---------- Given records ----------
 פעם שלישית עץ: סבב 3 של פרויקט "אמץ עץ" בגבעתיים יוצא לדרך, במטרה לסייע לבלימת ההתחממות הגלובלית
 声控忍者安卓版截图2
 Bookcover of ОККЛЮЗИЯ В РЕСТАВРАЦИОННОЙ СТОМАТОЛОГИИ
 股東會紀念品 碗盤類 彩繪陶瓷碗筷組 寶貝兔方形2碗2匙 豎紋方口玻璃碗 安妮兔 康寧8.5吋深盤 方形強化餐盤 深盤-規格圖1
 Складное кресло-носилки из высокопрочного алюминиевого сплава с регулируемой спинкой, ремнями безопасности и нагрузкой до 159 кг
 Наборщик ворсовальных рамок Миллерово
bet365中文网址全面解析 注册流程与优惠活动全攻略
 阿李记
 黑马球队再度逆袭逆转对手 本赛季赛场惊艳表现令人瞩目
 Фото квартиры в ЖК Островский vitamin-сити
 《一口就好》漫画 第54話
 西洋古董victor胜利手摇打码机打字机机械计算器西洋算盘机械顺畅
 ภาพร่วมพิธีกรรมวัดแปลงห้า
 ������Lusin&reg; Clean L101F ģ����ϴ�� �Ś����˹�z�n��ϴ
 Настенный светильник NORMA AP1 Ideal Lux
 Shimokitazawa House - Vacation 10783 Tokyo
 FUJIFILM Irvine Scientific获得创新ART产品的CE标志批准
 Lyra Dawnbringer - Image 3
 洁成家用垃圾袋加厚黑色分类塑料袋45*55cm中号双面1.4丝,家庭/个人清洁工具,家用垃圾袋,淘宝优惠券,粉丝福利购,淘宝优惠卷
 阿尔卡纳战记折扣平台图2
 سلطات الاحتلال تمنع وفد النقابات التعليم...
----------
Work task:
When you retype the entries above, keep every line identical to the source.

Written response:
 פעם שלישית עץ: סבב 3 של פרויקט "אמץ עץ" בגבעתיים יוצא לדרך, במטרה לסייע לבלימת ההתחממות הגלובלית
 声控忍者安卓版截图2
 Bookcover of ОККЛЮЗИЯ В РЕСТАВРАЦИОННОЙ СТОМАТОЛОГИИ
 股東會紀念品 碗盤類 彩繪陶瓷碗筷組 寶貝兔方形2碗2匙 豎紋方口玻璃碗 安妮兔 康寧8.5吋深盤 方形強化餐盤 深盤-規格圖1
 Складное кресло-носилки из высокопрочного алюминиевого сплава с регулируемой спинкой, ремнями безопасности и нагрузкой до 159 кг
 Наборщик ворсовальных рамок Миллерово
bet365中文网址全面解析 注册流程与优惠活动全攻略
 阿李记
 黑马球队再度逆袭逆转对手 本赛季赛场惊艳表现令人瞩目
 Фото квартиры в ЖК Островский vitamin-сити
 《一口就好》漫画 第54話
 西洋古董victor胜利手摇打码机打字机机械计算器西洋算盘机械顺畅
 ภาพร่วมพิธีกรรมวัดแปลงห้า
 ������Lusin&reg; Clean L101F ģ����ϴ�� �Ś����˹�z�n��ϴ
 Настенный светильник NORMA AP1 Ideal Lux
 Shimokitazawa House - Vacation 10783 Tokyo
 FUJIFILM Irvine Scientific获得创新ART产品的CE标志批准
 Lyra Dawnbringer - Image 3
 洁成家用垃圾袋加厚黑色分类塑料袋45*55cm中号双面1.4丝,家庭/个人清洁工具,家用垃圾袋,淘宝优惠券,粉丝福利购,淘宝优惠卷
 阿尔卡纳战记折扣平台图2
 سلطات الاحتلال تمنع وفد النقابات التعليم...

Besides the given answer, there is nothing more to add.